#### Task objective
Only the lines from the one with "effek borsa donna verde FA26-SU0135" through the end of the data are wanted, copied exactly.
[[ Dataset excerpts open ]]
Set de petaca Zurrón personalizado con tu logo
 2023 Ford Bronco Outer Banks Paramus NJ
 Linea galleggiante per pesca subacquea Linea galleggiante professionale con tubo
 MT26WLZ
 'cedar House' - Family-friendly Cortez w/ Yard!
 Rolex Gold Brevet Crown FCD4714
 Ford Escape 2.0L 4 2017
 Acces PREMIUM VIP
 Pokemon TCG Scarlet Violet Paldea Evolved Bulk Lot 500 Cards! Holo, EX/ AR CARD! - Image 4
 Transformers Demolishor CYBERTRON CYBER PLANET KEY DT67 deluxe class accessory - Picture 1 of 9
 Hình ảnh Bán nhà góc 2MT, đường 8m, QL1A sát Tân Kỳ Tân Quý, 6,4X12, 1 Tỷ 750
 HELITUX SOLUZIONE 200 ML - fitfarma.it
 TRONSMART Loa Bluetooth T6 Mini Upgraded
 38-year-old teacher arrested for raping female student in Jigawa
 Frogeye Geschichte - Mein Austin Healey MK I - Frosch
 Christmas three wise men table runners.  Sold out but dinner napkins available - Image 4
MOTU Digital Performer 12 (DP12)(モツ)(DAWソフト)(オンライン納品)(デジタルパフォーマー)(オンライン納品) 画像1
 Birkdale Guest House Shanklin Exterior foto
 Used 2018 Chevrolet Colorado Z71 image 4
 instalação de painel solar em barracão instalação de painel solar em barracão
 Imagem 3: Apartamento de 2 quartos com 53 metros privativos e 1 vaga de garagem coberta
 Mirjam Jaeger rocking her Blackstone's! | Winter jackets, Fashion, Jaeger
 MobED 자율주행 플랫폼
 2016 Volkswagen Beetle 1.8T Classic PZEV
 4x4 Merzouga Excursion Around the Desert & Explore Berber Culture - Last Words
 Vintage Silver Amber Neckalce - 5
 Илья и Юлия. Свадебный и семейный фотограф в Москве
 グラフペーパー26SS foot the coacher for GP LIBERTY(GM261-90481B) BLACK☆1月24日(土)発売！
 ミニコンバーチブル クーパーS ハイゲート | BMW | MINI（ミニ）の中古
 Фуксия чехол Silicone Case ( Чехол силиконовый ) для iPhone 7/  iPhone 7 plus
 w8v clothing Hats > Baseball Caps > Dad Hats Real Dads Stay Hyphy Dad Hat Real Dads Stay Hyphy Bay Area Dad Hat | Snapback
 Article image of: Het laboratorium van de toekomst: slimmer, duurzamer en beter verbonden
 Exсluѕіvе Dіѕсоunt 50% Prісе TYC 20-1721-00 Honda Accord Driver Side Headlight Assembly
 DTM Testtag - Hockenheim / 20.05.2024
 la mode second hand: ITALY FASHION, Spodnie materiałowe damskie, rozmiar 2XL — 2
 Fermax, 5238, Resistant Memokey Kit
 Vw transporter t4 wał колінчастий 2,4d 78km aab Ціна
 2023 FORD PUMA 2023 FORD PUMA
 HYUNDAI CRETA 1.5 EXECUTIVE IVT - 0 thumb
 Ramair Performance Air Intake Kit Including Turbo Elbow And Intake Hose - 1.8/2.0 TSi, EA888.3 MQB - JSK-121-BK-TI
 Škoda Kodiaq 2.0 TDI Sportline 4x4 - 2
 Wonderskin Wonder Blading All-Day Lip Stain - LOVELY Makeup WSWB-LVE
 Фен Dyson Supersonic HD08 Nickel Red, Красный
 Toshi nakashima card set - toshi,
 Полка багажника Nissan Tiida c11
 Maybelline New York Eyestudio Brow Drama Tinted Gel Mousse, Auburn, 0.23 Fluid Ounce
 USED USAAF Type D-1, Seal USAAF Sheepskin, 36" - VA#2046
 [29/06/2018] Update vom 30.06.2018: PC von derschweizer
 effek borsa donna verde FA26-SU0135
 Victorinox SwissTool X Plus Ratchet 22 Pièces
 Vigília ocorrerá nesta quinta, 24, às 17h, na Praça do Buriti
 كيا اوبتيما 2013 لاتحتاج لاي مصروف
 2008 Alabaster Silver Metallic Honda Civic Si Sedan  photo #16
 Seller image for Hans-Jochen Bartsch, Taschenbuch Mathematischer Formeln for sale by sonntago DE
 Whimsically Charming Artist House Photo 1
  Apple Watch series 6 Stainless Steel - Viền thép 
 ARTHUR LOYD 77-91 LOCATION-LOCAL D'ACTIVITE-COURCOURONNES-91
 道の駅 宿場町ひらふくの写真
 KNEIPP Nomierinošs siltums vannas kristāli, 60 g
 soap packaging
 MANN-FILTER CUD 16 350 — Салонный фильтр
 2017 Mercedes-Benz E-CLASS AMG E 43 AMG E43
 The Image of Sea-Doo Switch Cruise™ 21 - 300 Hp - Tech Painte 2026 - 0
[[ Dataset excerpts closed ]]
#### Answer to this problem
 effek borsa donna verde FA26-SU0135
 Victorinox SwissTool X Plus Ratchet 22 Pièces
 Vigília ocorrerá nesta quinta, 24, às 17h, na Praça do Buriti
 كيا اوبتيما 2013 لاتحتاج لاي مصروف
 2008 Alabaster Silver Metallic Honda Civic Si Sedan  photo #16
 Seller image for Hans-Jochen Bartsch, Taschenbuch Mathematischer Formeln for sale by sonntago DE
 Whimsically Charming Artist House Photo 1
  Apple Watch series 6 Stainless Steel - Viền thép 
 ARTHUR LOYD 77-91 LOCATION-LOCAL D'ACTIVITE-COURCOURONNES-91
 道の駅 宿場町ひらふくの写真
 KNEIPP Nomierinošs siltums vannas kristāli, 60 g
 soap packaging
 MANN-FILTER CUD 16 350 — Салонный фильтр
 2017 Mercedes-Benz E-CLASS AMG E 43 AMG E43
 The Image of Sea-Doo Switch Cruise™ 21 - 300 Hp - Tech Painte 2026 - 0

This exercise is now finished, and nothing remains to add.